What you are asked to do: In the data below, restate exactly the lines from the one with "Tip Top Lounge Bar - Mass Web Design" to the final line, both included, but not the pictures.

Record set:
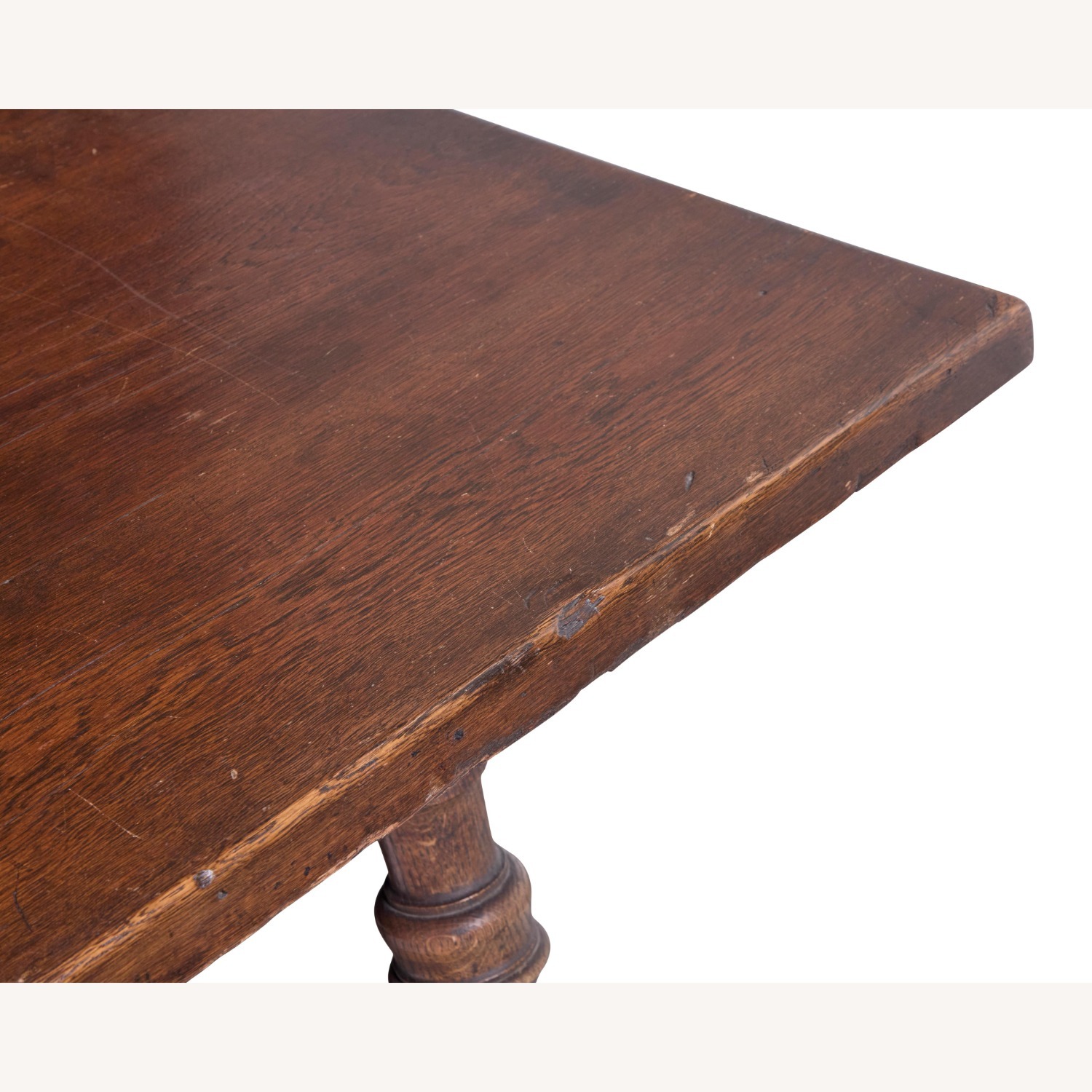19th C Spanish Colonial Oak Refectory Table - image-3
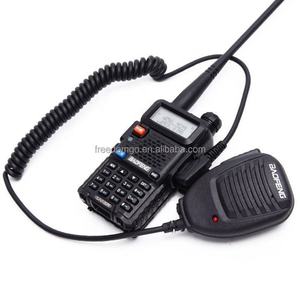 Micrófono de Mano con Altavoz para Walkie Talkie Baofeng, Micrófono PTT con Auricular Tipo K para Accesorios UV-5R BF-888S - Product Image 1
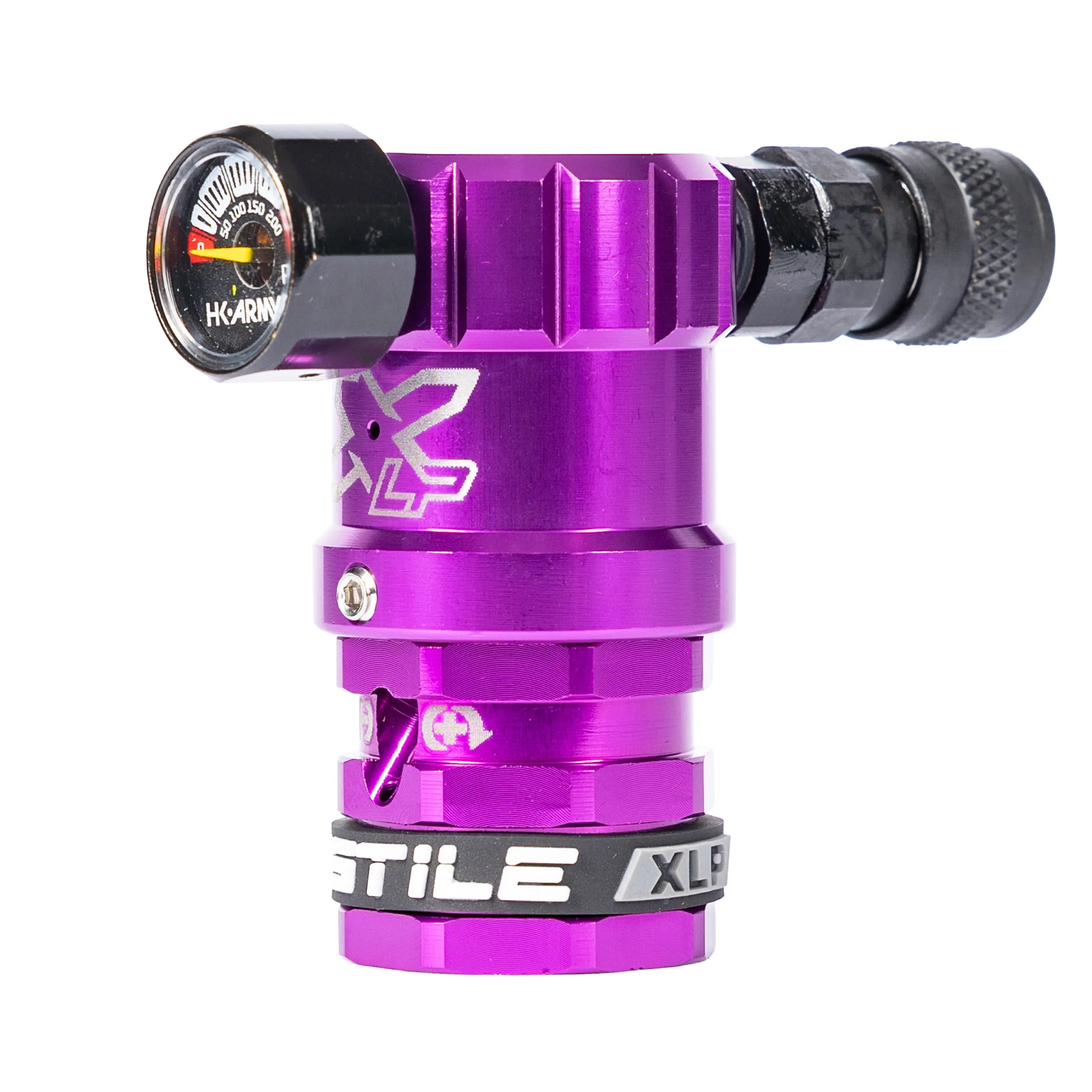 Hostile XLP Regulator - Side Port Quick-Disconnect - Purple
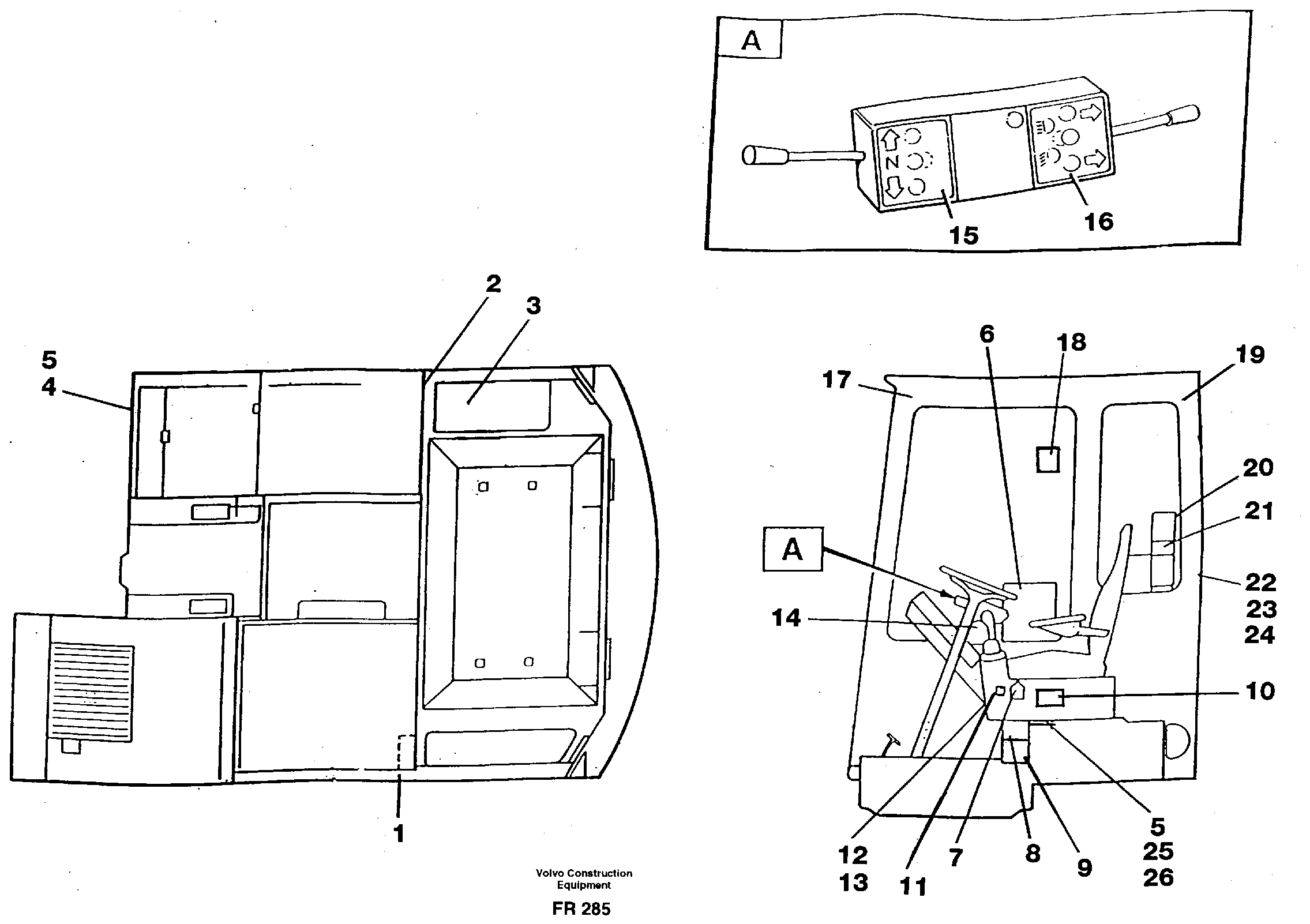 Sign plates and transfer,inner location  SER NO 411- — volvo parts diagram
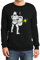 Tolle Geschenkidee Pulli für zielsichere Klo-Krieger in voller Montur Sweatshirt X-Large Schwarz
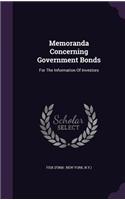 Memoranda Concerning Government Bonds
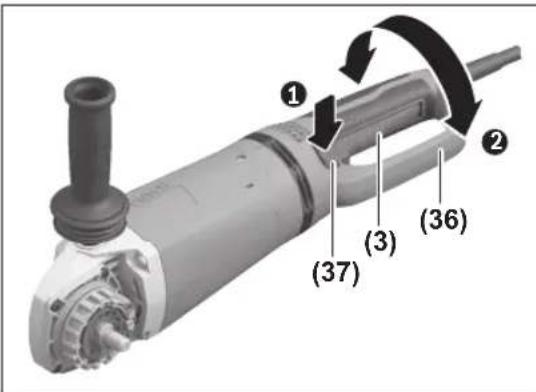 BOSCH GWS 27230 JR Professional - Ana kolun cevrilmesi - 1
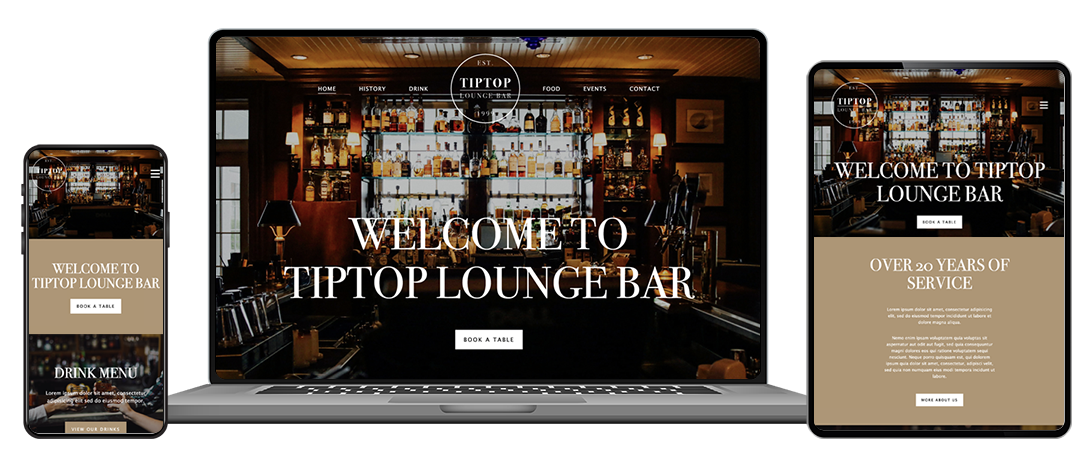 Tip Top Lounge Bar - Mass Web Design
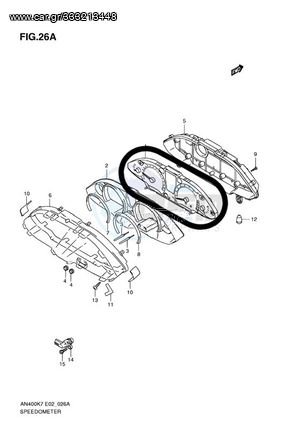 Κοντέρ Πλακέτα Suzuki AN400 Burgman 2007-10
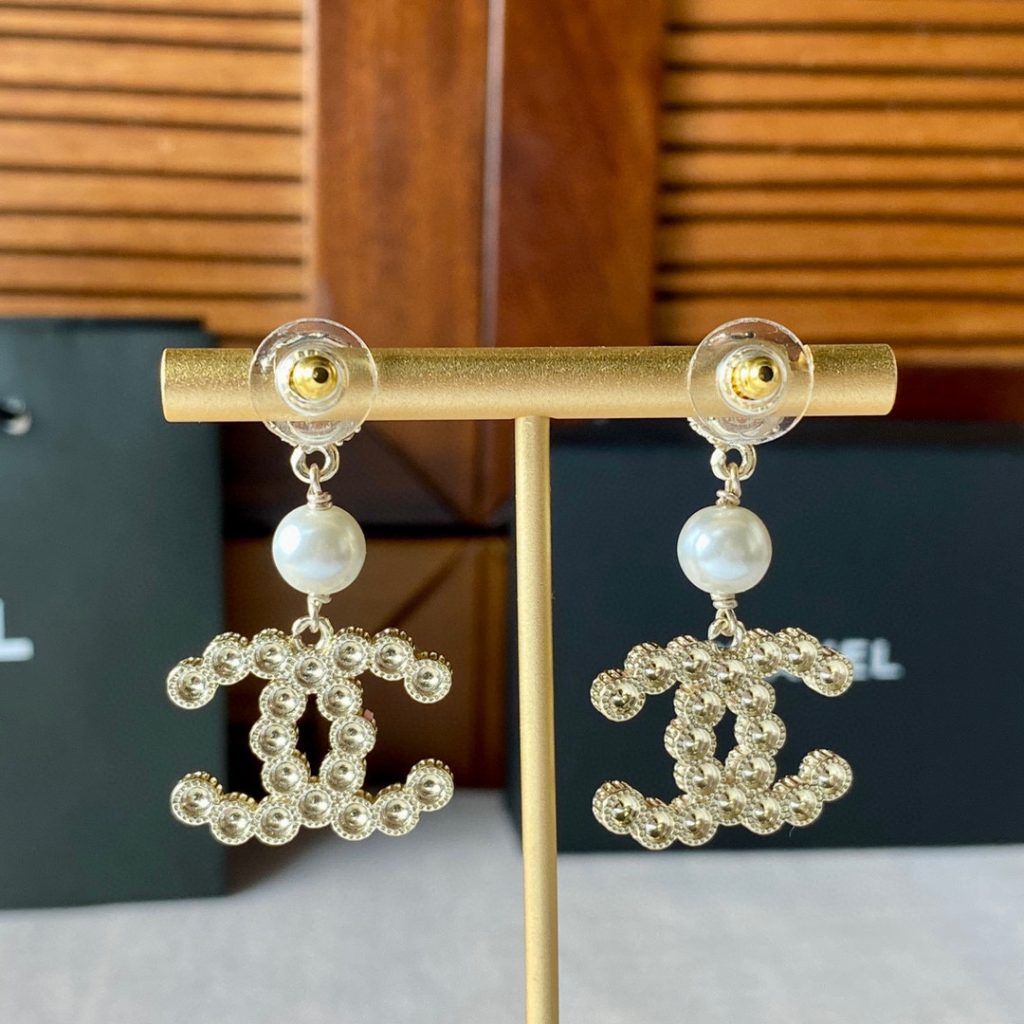 Double C Earrings Gold For Women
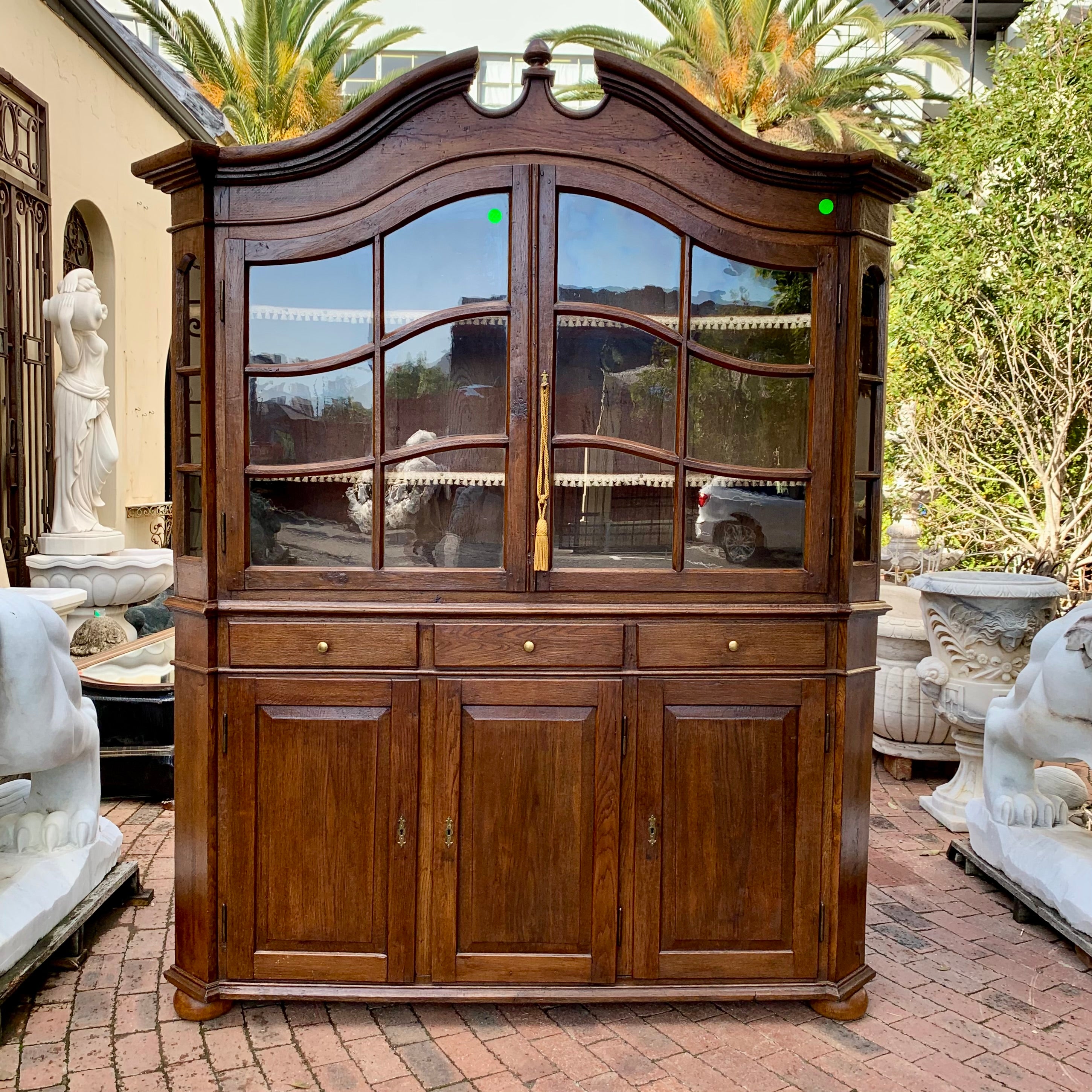 Large Oak Display Cabinet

Exercise response:
 Tip Top Lounge Bar - Mass Web Design
 Κοντέρ Πλακέτα Suzuki AN400 Burgman 2007-10
 Double C Earrings Gold For Women
 Large Oak Display Cabinet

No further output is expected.